Is it proposed to obtain from powers which have hitherto not joined in that recognition a sanction to those changes?

Lastly come those parts of the Treaty of Vienna which are menaced, and upon those portions the most important questions of all arise. What is the nature of the proposals to be made on this subject by the Emperor Napoleon? In what direction would they tend? And, above all, are they, if agreed to by a majority of the powers, to be enforced by arms?

When the sovereigns or ministers of Austria, France, Prussia, Russia, and Great Britain met at Verona, in 1823, upon the affairs of Spain, the first four of those powers carried into effect their resolutions by means of armed forces, in spite of the protest of Great Britain. Is this example to be followed at the present congress in case of disagreement? Upon all these points her Majesty's Government must obtain satisfactory explanations before they can come to any decision upon the proposal made by the Emperor.

Her Majesty's Government would be ready to discuss with France and other powers, by diplomatic correspondence, any specified question upon which a solution might be attained, and European peace thereby more securely established.

But they would feel more apprehension than confidence from the meeting of a congress of sovereigns and ministers without fixed objects, ranging over the map of Europe, and exciting hopes and aspirations which they might find themselves unable either to gratify or to quiet.

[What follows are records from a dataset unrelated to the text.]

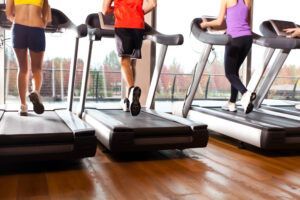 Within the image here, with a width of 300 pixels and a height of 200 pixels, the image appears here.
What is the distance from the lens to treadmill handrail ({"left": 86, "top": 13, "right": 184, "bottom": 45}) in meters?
Answer: 3.59

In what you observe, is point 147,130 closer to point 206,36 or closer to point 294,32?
point 206,36

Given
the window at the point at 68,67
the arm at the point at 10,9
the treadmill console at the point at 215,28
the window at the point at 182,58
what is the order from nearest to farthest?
the arm at the point at 10,9 → the treadmill console at the point at 215,28 → the window at the point at 68,67 → the window at the point at 182,58

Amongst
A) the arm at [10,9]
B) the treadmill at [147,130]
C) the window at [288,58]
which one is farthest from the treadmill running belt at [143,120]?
the window at [288,58]

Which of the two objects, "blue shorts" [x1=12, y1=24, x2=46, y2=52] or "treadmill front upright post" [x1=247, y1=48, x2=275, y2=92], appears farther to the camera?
"treadmill front upright post" [x1=247, y1=48, x2=275, y2=92]

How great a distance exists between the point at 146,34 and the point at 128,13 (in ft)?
2.36

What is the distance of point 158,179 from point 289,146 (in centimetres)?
144

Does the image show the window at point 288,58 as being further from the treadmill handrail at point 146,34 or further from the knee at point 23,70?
the knee at point 23,70

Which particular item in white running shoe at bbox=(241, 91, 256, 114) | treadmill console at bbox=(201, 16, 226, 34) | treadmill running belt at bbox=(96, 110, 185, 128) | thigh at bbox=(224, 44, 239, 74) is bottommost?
treadmill running belt at bbox=(96, 110, 185, 128)

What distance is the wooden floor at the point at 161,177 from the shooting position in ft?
7.32

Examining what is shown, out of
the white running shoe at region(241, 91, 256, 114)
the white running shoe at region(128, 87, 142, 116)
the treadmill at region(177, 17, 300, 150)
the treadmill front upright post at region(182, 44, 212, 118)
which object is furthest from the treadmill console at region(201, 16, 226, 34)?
the white running shoe at region(128, 87, 142, 116)

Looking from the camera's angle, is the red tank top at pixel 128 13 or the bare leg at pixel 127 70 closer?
the red tank top at pixel 128 13

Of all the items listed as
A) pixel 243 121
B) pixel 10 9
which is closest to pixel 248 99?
pixel 243 121

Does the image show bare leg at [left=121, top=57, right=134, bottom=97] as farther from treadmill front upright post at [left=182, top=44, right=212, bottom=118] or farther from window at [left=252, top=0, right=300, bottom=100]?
window at [left=252, top=0, right=300, bottom=100]

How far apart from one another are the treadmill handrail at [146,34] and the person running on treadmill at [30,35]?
0.54 m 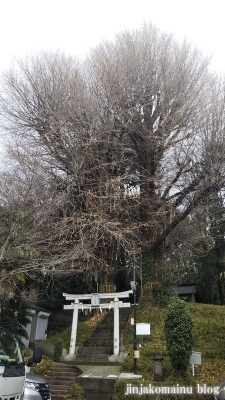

Lord Russell's series of awkward questions led to answers and rejoinders; but they made a congress impracticable. They

forced the powers of Europe to address themselves to other methods in order to secure the preservation of peace; and they indirectly indisposed France to act in conjunction with England for its preservation.

In the meanwhile Lord Russell was not relaxing the efforts which he was making with this object. Writing on October 28 to the British Minister at Copenhagen, he urged Denmark to declare that she will not apply to the common expenses of the Danish Monarchy any part of the revenues raised in the Duchies of Holstein and Lauenburg, without the consent of the respective Duchies, until some general arrangement in regard to the whole question of finance is settled between Denmark and Germany.

If such declaration should be made, other questions of an international character may be reserved for settlement under the mediation of some disinterested power or powers, and her Majesty's Government would . . . wish to know whether Denmark, in regard to such questions, is prepared to accept mediation, and, if so, whether she will herself make to the Diet a proposal to that effect, or authorise her Majesty's Government to make it on her behalf.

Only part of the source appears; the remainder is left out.